Рыжий, рыжий

Светочке Перминовой


У одной девочки из нашей школы, у дочери одной из преподавательниц английского языка, были необыкновенно красивые тёмно-рыжие волосы. Лица её я совсем не помню, оно ускользает из памяти, выскальзывает как золотая рыбка из рук; но и сейчас я вижу, как она идёт передо мной в светлом плаще, а может, это я в светлом плаще иду за ней; она, наверное, жила где-то рядом со школой, а мне надо было на автобус. И вот мы идём, и глаза мои не отрываются от великолепия ее волос, влюбленные в это великолепие и густоту, и блеск - влюбленные до сих пор.
Ни как её звали, ни какая она была я сейчас совсем не помню… но ведь главным действующим лицом была не она. Магнитом, удерживающим всё мое внимание, был цвет её волос. Словно тёмный шоколад смешали с огнём, шоколад расплавился и стал огненным. И за этими кудрями, за этим огнём я в тот день шла, шла - пока она не свернула, или пока я сама не свернула, дойдя до автобусной остановки. Мы расстались, тот цвет и я. Но расстались ли мы на самом деле, если девочка все эти годы шла передо мной и её кудри отсвечивали красным в темноте моей памяти?
И если подумать, вернее, как-то по-другому это увидеть, то огненный цвет был не просто цветом волос, покорившим моё сердце, моё воображение. Мне кажется, он был чем-то гораздо большим, неким знаком, факелом, одним из тех указателей на пути, которые мы расставляем в своей жизни ещё ДО жизни.
?Ищи ту, у которой рыжие волосы, ищи?.
Вот что говорил мне тот цвет волос и моя им очарованность.
Что-то внутри меня знало, хотя я сама не знала. Что-то внутри меня помнило, хотя я сама не помнила.

?Ищи ту, у которой рыжие волосы, ищи!?

Да-да, именно так.
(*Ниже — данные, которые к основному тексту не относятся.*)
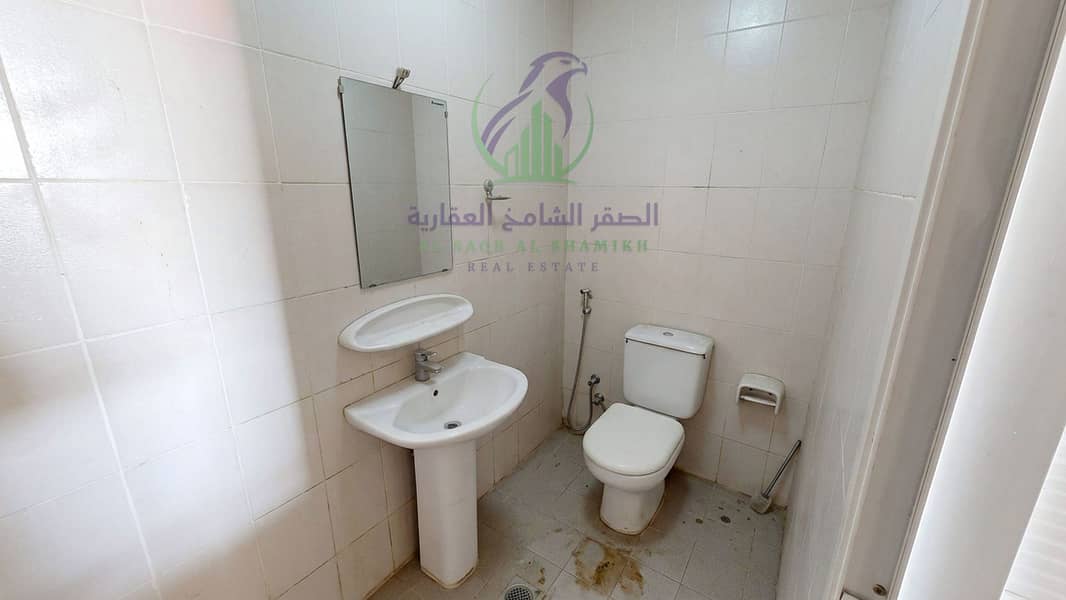 9 mstwda-for-rent-2-bedroom-alsnaaya-5-alsharqa-mhl-property-01. jpg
Я верю в то, что ещё до того, как сюда прийти, мы расставляем на своём жизненном пути вот такие красивые, яркие указатели. Расставляем их или развешиваем, или как-то по-другому старательно располагаем, чтобы самим себе помочь. Помочь потом, но заранее, ещё ДО; помочь оттуда, откуда все видно наперёд; помочь, пока ещё можно помочь.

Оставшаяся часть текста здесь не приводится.